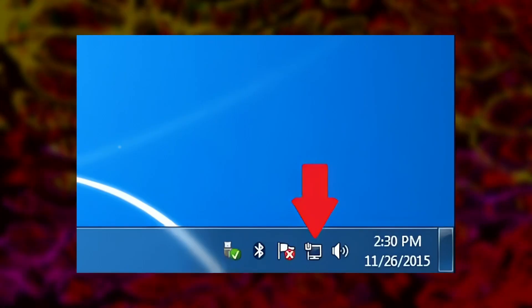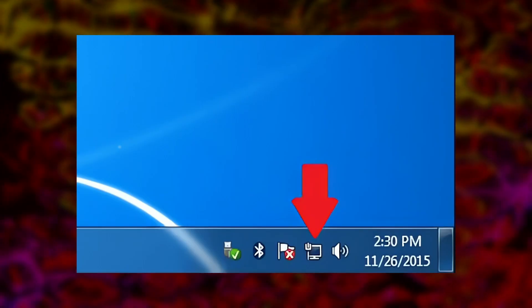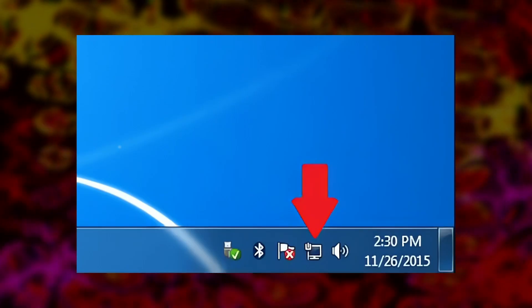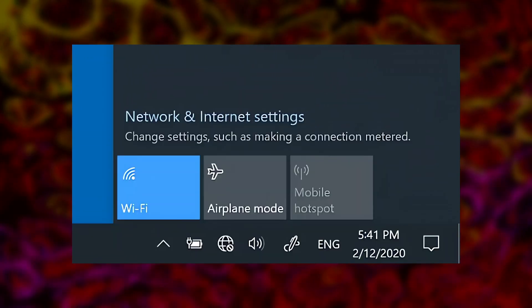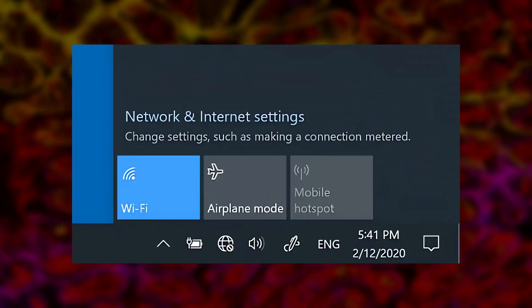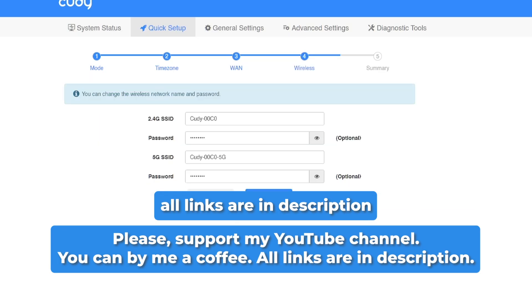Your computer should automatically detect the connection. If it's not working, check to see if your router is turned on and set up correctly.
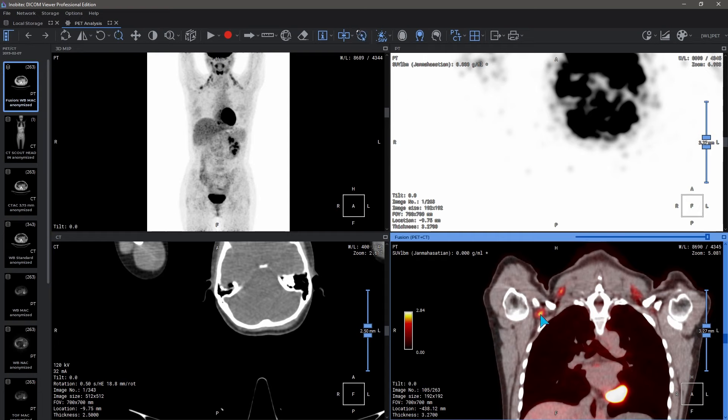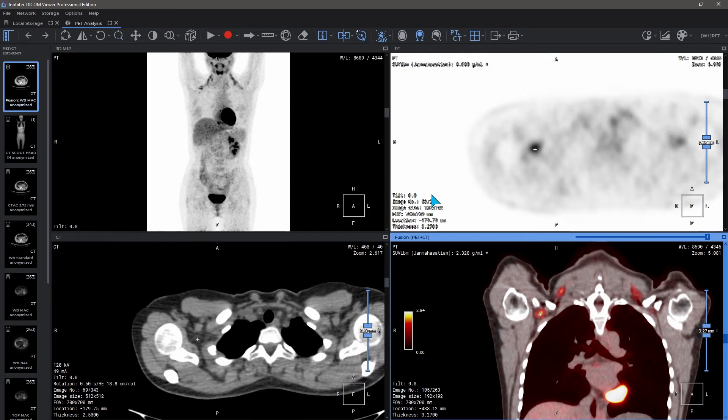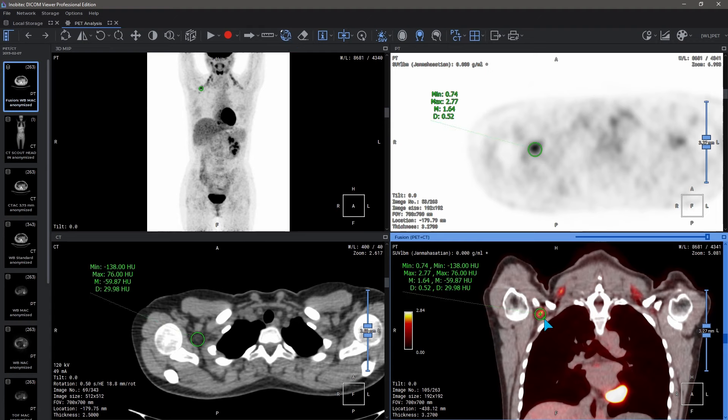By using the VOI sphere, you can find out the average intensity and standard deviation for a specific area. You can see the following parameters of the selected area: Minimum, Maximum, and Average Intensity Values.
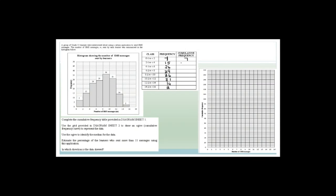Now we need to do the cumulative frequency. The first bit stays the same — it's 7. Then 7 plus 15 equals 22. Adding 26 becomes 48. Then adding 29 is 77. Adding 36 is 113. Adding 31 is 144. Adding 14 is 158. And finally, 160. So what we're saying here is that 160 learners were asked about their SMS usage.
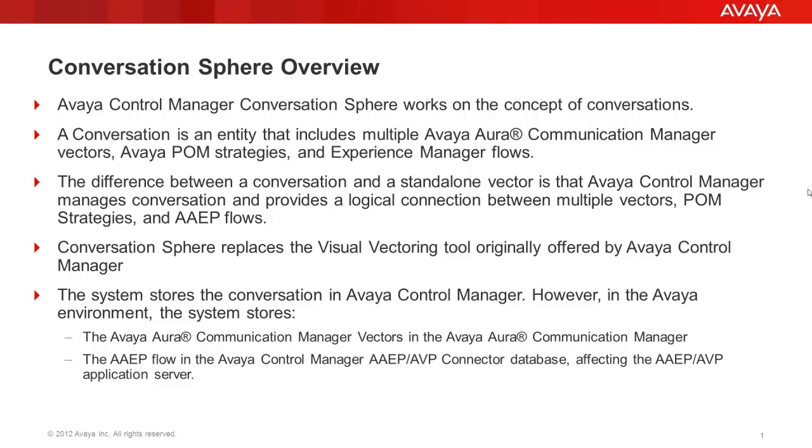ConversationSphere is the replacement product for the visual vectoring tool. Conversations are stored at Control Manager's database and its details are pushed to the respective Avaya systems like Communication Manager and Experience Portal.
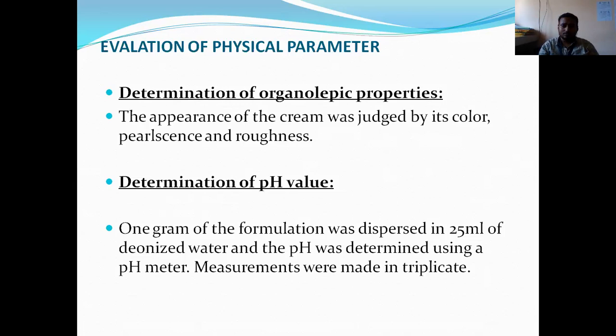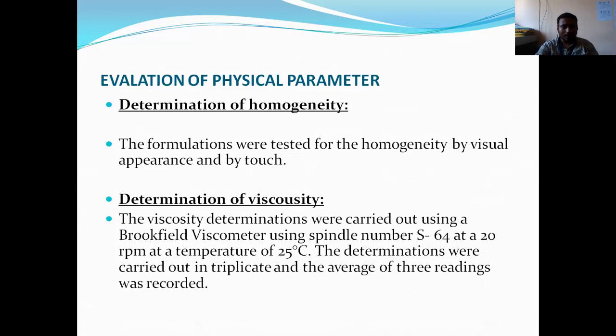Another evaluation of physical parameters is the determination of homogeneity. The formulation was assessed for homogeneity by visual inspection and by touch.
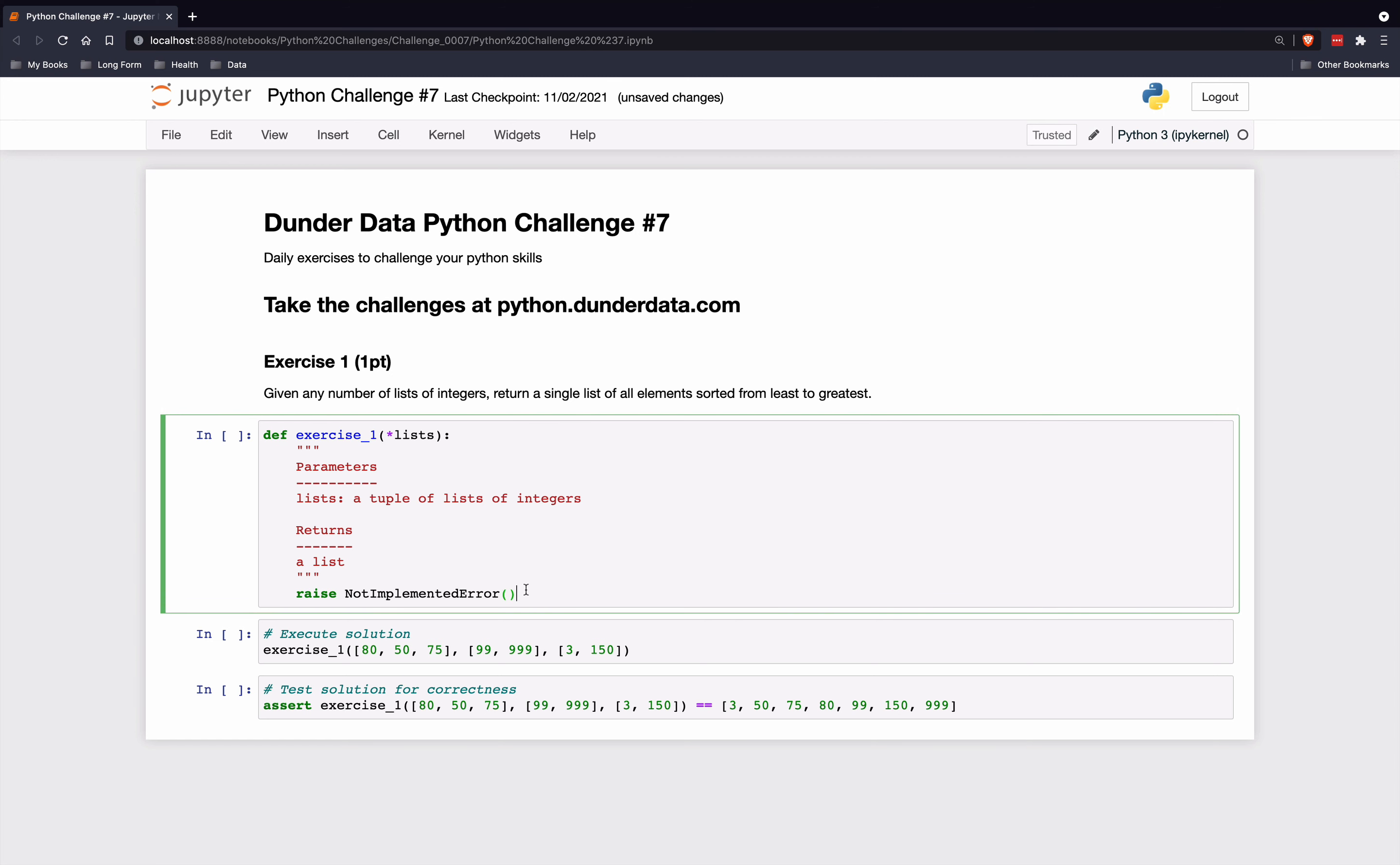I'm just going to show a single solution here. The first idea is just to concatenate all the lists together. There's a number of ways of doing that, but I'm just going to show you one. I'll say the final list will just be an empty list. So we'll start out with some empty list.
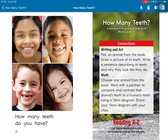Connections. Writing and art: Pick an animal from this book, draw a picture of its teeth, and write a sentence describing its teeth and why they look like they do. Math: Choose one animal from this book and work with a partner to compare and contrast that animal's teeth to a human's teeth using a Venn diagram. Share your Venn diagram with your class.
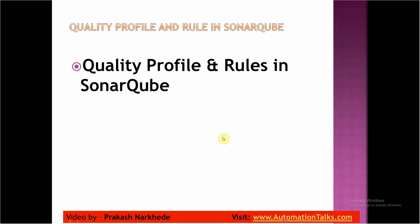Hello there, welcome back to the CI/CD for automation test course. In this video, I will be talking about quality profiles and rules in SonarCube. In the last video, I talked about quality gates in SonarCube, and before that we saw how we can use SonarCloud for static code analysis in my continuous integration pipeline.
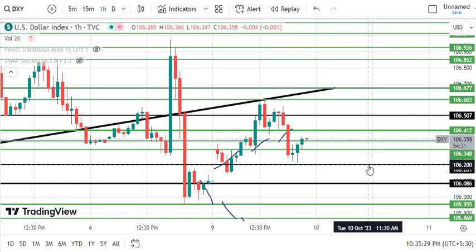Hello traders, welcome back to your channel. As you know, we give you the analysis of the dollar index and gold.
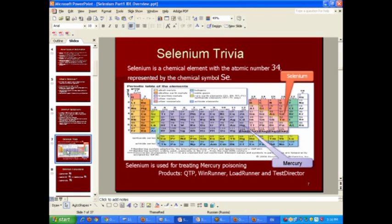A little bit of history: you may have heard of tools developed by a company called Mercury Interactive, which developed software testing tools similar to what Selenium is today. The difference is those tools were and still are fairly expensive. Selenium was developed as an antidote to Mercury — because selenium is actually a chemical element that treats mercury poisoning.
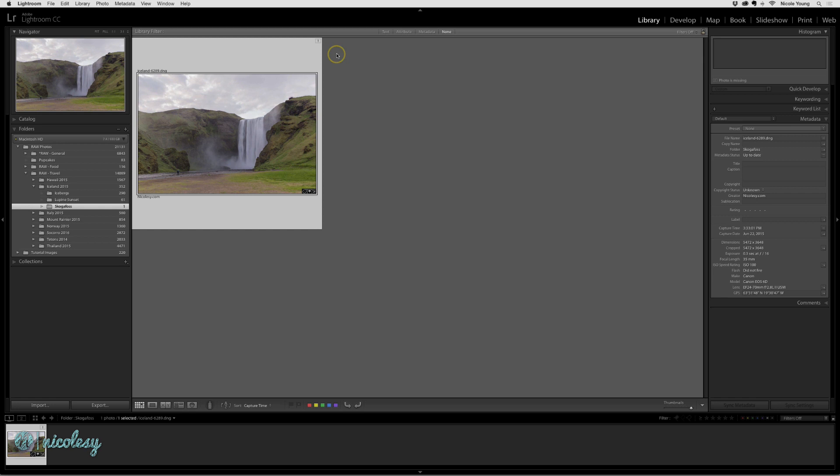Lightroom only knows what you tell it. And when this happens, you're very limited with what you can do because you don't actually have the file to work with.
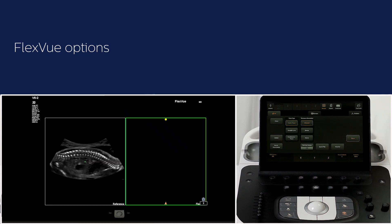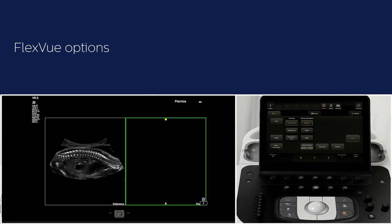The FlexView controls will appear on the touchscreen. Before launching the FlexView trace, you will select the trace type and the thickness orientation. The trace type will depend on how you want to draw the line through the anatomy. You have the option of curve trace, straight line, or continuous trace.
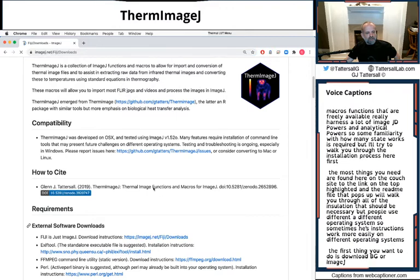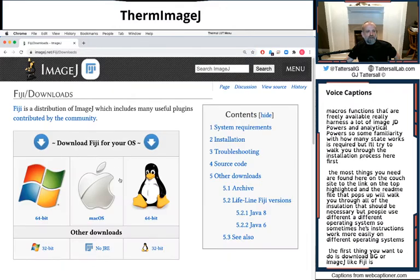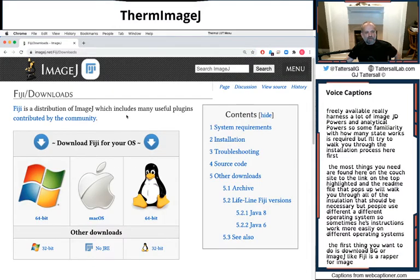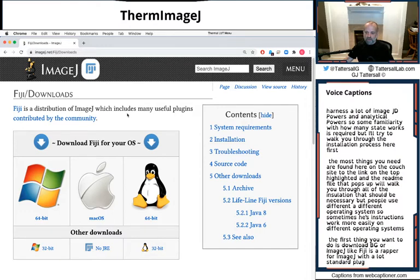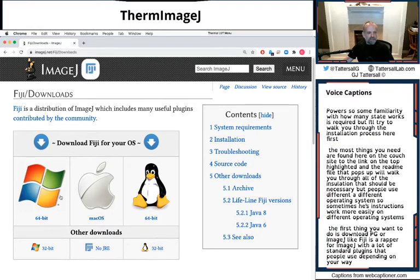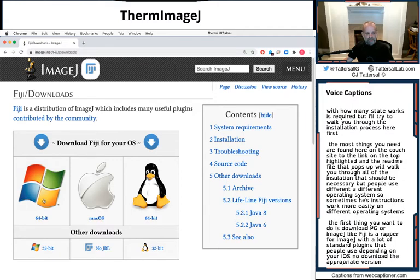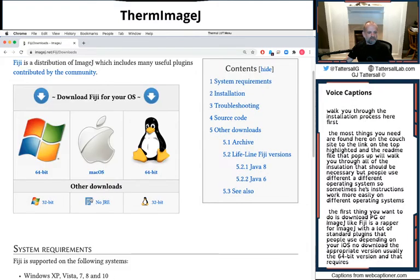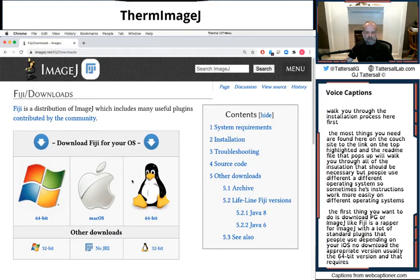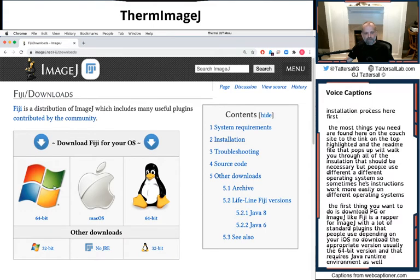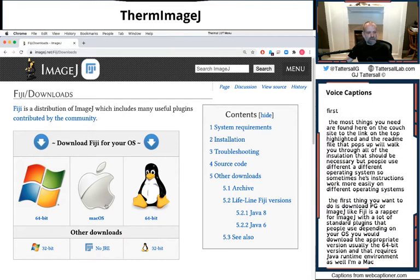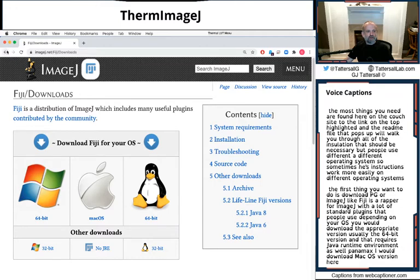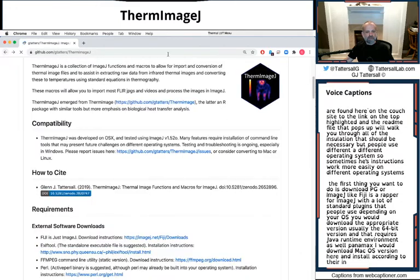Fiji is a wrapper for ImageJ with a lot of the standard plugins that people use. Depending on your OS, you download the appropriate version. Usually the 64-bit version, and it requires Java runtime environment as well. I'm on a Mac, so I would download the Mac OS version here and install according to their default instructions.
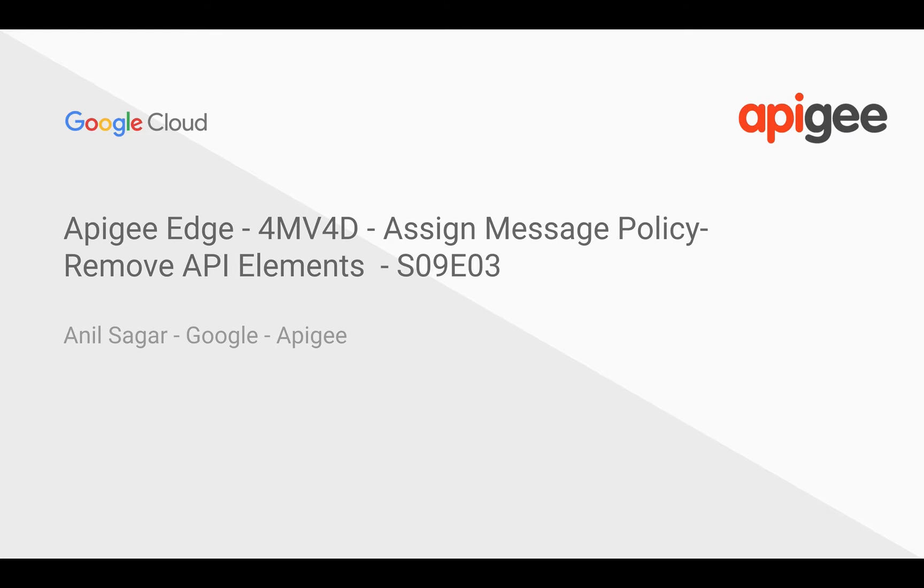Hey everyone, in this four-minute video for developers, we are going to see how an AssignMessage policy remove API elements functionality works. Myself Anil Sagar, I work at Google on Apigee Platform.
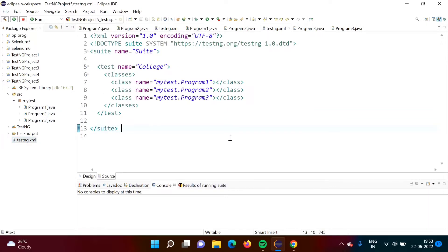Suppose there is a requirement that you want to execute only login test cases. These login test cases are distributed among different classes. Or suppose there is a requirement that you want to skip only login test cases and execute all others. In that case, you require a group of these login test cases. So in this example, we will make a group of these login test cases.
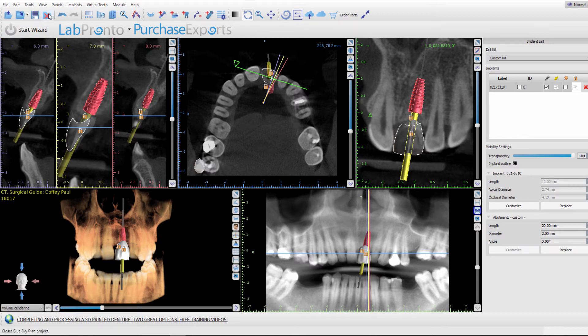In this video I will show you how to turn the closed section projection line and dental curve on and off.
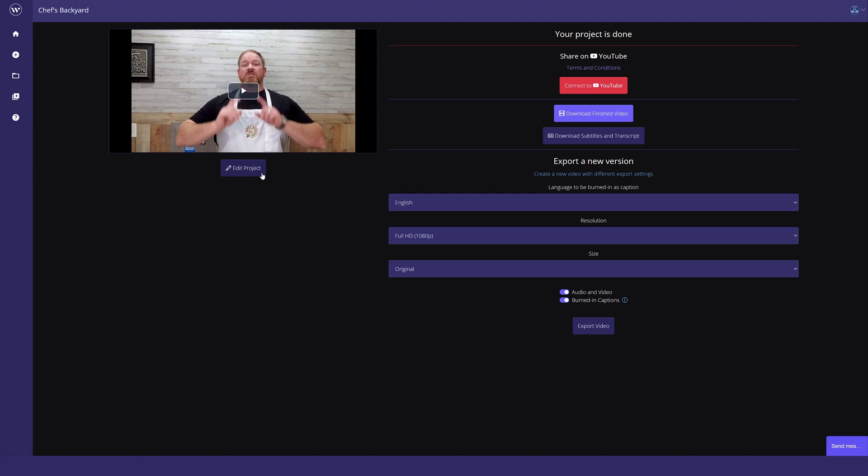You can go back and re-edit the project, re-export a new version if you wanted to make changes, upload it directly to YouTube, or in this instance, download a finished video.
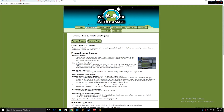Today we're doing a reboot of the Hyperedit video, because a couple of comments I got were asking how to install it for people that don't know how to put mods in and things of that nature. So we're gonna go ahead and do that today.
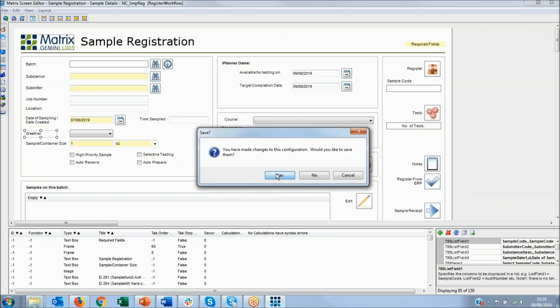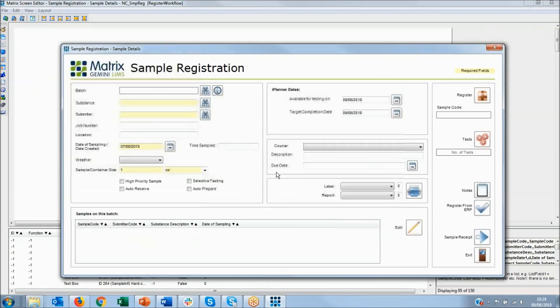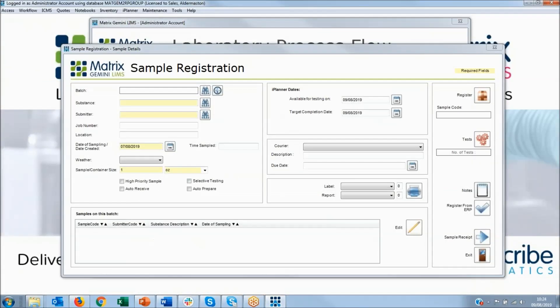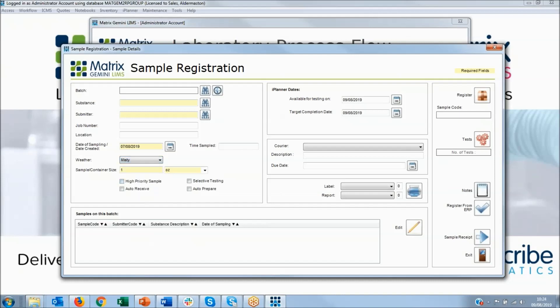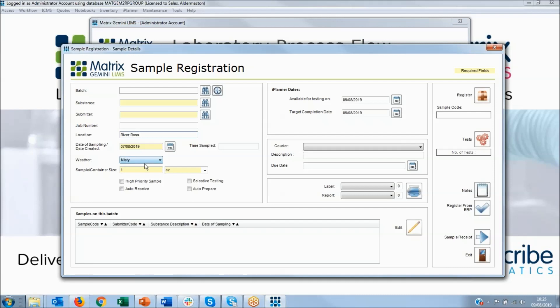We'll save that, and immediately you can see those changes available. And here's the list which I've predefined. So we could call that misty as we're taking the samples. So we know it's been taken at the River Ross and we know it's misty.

TASK OBJECTIVE >>
Without including a single picture, restate all of the data word for word.

WRITTEN SOLUTION >>
Your computer should automatically detect the connection. If it's not working, check to see if your router is turned on and set up correctly.
By using the VOI sphere, you can find out the average intensity and standard deviation for a specific area. You can see the following parameters of the selected area: Minimum, Maximum, and Average Intensity Values.
Now we need to do the cumulative frequency. The first bit stays the same — it's 7. Then 7 plus 15 equals 22. Adding 26 becomes 48. Then adding 29 is 77. Adding 36 is 113. Adding 31 is 144. Adding 14 is 158. And finally, 160. So what we're saying here is that 160 learners were asked about their SMS usage.
ConversationSphere is the replacement product for the visual vectoring tool. Conversations are stored at Control Manager's database and its details are pushed to the respective Avaya systems like Communication Manager and Experience Portal.
Another evaluation of physical parameters is the determination of homogeneity. The formulation was assessed for homogeneity by visual inspection and by touch.
I'm just going to show a single solution here. The first idea is just to concatenate all the lists together. There's a number of ways of doing that, but I'm just going to show you one. I'll say the final list will just be an empty list. So we'll start out with some empty list.
Connections. Writing and art: Pick an animal from this book, draw a picture of its teeth, and write a sentence describing its teeth and why they look like they do. Math: Choose one animal from this book and work with a partner to compare and contrast that animal's teeth to a human's teeth using a Venn diagram. Share your Venn diagram with your class.
Hello there, welcome back to the CI/CD for automation test course. In this video, I will be talking about quality profiles and rules in SonarCube. In the last video, I talked about quality gates in SonarCube, and before that we saw how we can use SonarCloud for static code analysis in my continuous integration pipeline.
Hello traders, welcome back to your channel. As you know, we give you the analysis of the dollar index and gold.
A little bit of history: you may have heard of tools developed by a company called Mercury Interactive, which developed software testing tools similar to what Selenium is today. The difference is those tools were and still are fairly expensive. Selenium was developed as an antidote to Mercury — because selenium is actually a chemical element that treats mercury poisoning.
Lightroom only knows what you tell it. And when this happens, you're very limited with what you can do because you don't actually have the file to work with.
The FlexView controls will appear on the touchscreen. Before launching the FlexView trace, you will select the trace type and the thickness orientation. The trace type will depend on how you want to draw the line through the anatomy. You have the option of curve trace, straight line, or continuous trace.
Fiji is a wrapper for ImageJ with a lot of the standard plugins that people use. Depending on your OS, you download the appropriate version. Usually the 64-bit version, and it requires Java runtime environment as well. I'm on a Mac, so I would download the Mac OS version here and install according to their default instructions.
Hey everyone, in this four-minute video for developers, we are going to see how an AssignMessage policy remove API elements functionality works. Myself Anil Sagar, I work at Google on Apigee Platform.
Suppose there is a requirement that you want to execute only login test cases. These login test cases are distributed among different classes. Or suppose there is a requirement that you want to skip only login test cases and execute all others. In that case, you require a group of these login test cases. So in this example, we will make a group of these login test cases.
In this video I will show you how to turn the closed section projection line and dental curve on and off.
You can go back and re-edit the project, re-export a new version if you wanted to make changes, upload it directly to YouTube, or in this instance, download a finished video.
Today we're doing a reboot of the Hyperedit video, because a couple of comments I got were asking how to install it for people that don't know how to put mods in and things of that nature. So we're gonna go ahead and do that today.
We'll save that, and immediately you can see those changes available. And here's the list which I've predefined. So we could call that misty as we're taking the samples. So we know it's been taken at the River Ross and we know it's misty.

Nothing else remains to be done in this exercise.